## Your instructions
Please return each of the entries exactly, minus their pictures.
====== Material shown
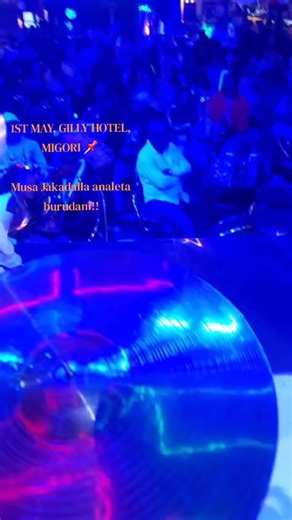 1ST MAY, GILLY HOTEL, MIGORI 📌 Musa Jakadalla analeta burudani!! #fbreelsfypシ゚viralシ
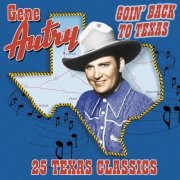 Gene Autry - Goin' Back To Texas: 25 Texas Classics (2001)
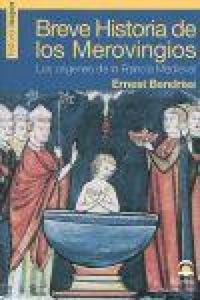 Produktbild: Breve historia de los merovingios : los or&iacute;genes de la Francia medieval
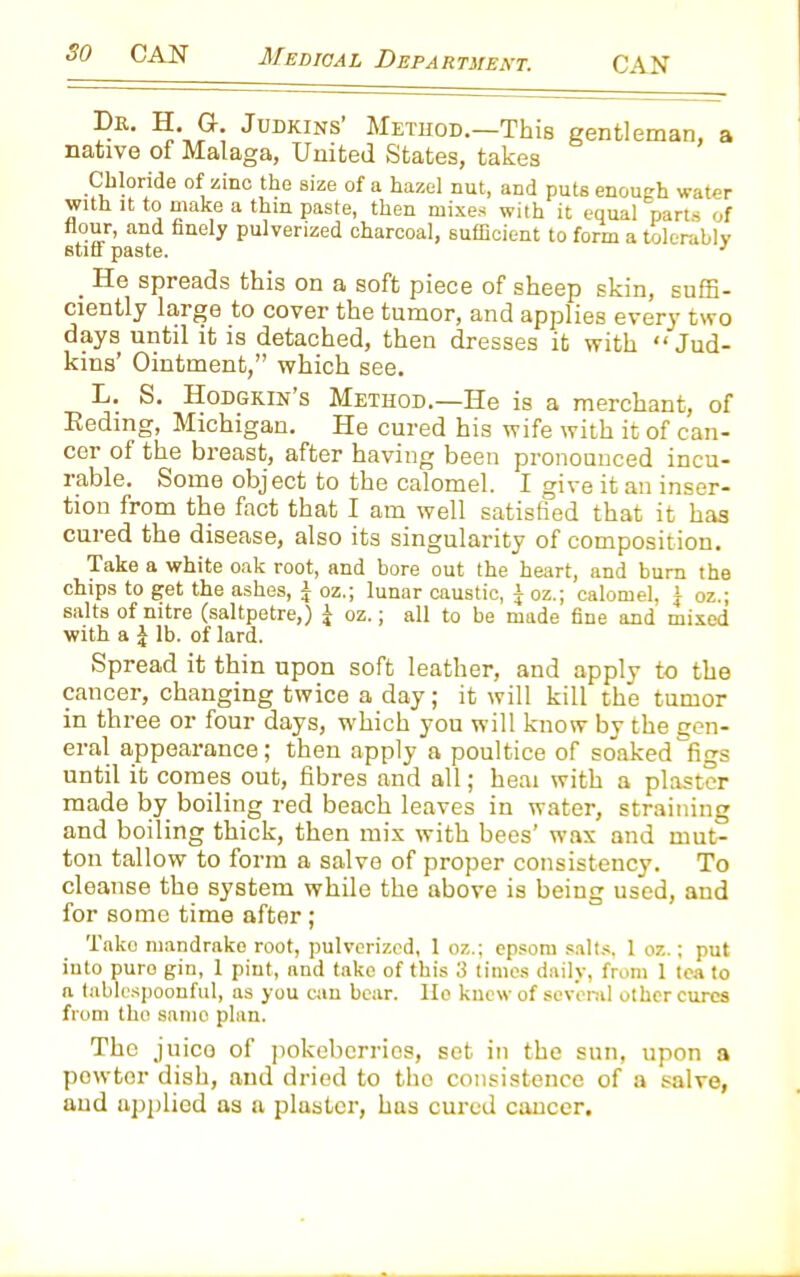 Dr. H. G-. Judkins Method.—This gentleman, a native of Malaga, United States, takes Chloride of zinc the size of a hazel nut, and puts enough water with it to make a thin paste, then mixes with it equal parts of flour, and finely pulverized charcoal, sufficient to form a tolerably stiff paste. 3 . He spreads this on a soft piece of sheep skin, suffi- ciently large to cover the tumor, and applies every two days until it is detached, then dresses it with “Jud- kins’ Ointment,” which see. L. S. Hodgkin’s Method.—He is a merchant, of Reding, Michigan. He cured his wife with it of can- cer of the breast, after having been pronounced incu- rable. Some object to the calomel. I give it an inser- tion from the fact that I am well satisfied that it has cured the disease, also its singularity of composition. Take a white oak root, and bore out the heart, and burn the chips to get the ashes, £ oz.; lunar caustic, J oz.; calomel, a oz.; salts of nitre (saltpetre,) J oz.; all to be made fine and mixed with a | lb. of lard. Spread it thin upon soft leather, and apply to the cancer, changing twice a day; it will kill the tumor in three or four days, which you will know by the gen- eral appearance; then apply a poultice of soaked figs until it comes out, fibres and all; heai with a plaster made by boiling red beach leaves in water, straining and boiling thick, then mix with bees’ wax and mut- ton tallow to form a salve of proper consistency. To cleanse the system while the above is being used, aud for some time after; Take mandrake root, pulverized, 1 oz.; epsom salts, 1 oz.; put into puro gin, 1 pint, and take of this 3 times daily, from 1 tea to a tablespoonful, as you can bear, llo knew of several other cures from tho samo plan. The juice of pokeberrios, set in the sun, upon a pewter dish, and dried to tho consistence of a salve, and applied as a plaster, has cured cancer.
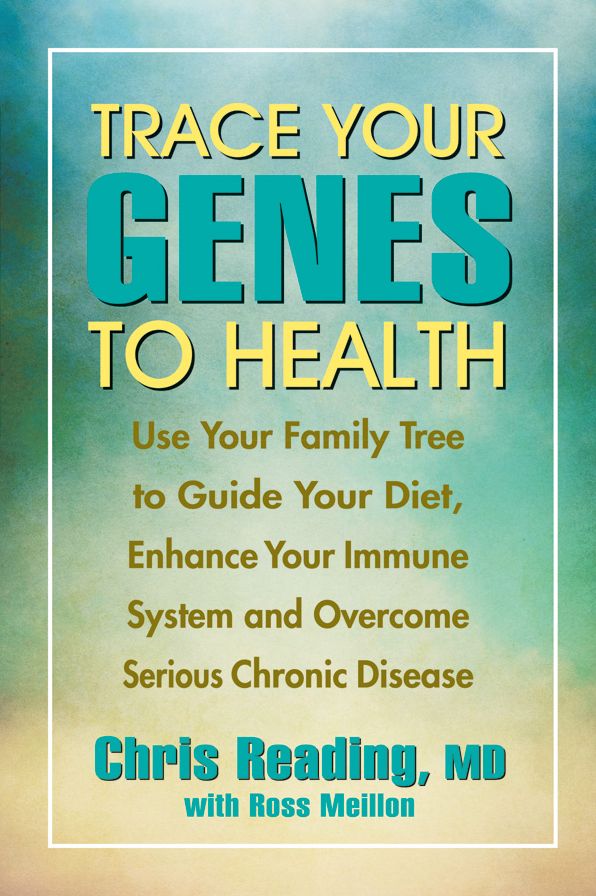 Trace Your Genes to Health: Use Your Family Tree to Guide Your Diet, Enhance Your Immune System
============
## Exercise output
 1ST MAY, GILLY HOTEL, MIGORI 📌 Musa Jakadalla analeta burudani!! #fbreelsfypシ゚viralシ
 Gene Autry - Goin' Back To Texas: 25 Texas Classics (2001)
 Produktbild: Breve historia de los merovingios : los or&iacute;genes de la Francia medieval
 Dr. H. G-. Judkins Method.—This gentleman, a native of Malaga, United States, takes Chloride of zinc the size of a hazel nut, and puts enough water with it to make a thin paste, then mixes with it equal parts of flour, and finely pulverized charcoal, sufficient to form a tolerably stiff paste. 3 . He spreads this on a soft piece of sheep skin, suffi- ciently large to cover the tumor, and applies every two days until it is detached, then dresses it with “Jud- kins’ Ointment,” which see. L. S. Hodgkin’s Method.—He is a merchant, of Reding, Michigan. He cured his wife with it of can- cer of the breast, after having been pronounced incu- rable. Some object to the calomel. I give it an inser- tion from the fact that I am well satisfied that it has cured the disease, also its singularity of composition. Take a white oak root, and bore out the heart, and burn the chips to get the ashes, £ oz.; lunar caustic, J oz.; calomel, a oz.; salts of nitre (saltpetre,) J oz.; all to be made fine and mixed with a | lb. of lard. Spread it thin upon soft leather, and apply to the cancer, changing twice a day; it will kill the tumor in three or four days, which you will know by the gen- eral appearance; then apply a poultice of soaked figs until it comes out, fibres and all; heai with a plaster made by boiling red beach leaves in water, straining and boiling thick, then mix with bees’ wax and mut- ton tallow to form a salve of proper consistency. To cleanse the system while the above is being used, aud for some time after; Take mandrake root, pulverized, 1 oz.; epsom salts, 1 oz.; put into puro gin, 1 pint, and take of this 3 times daily, from 1 tea to a tablespoonful, as you can bear, llo knew of several other cures from tho samo plan. The juice of pokeberrios, set in the sun, upon a pewter dish, and dried to tho consistence of a salve, and applied as a plaster, has cured cancer.
 Trace Your Genes to Health: Use Your Family Tree to Guide Your Diet, Enhance Your Immune System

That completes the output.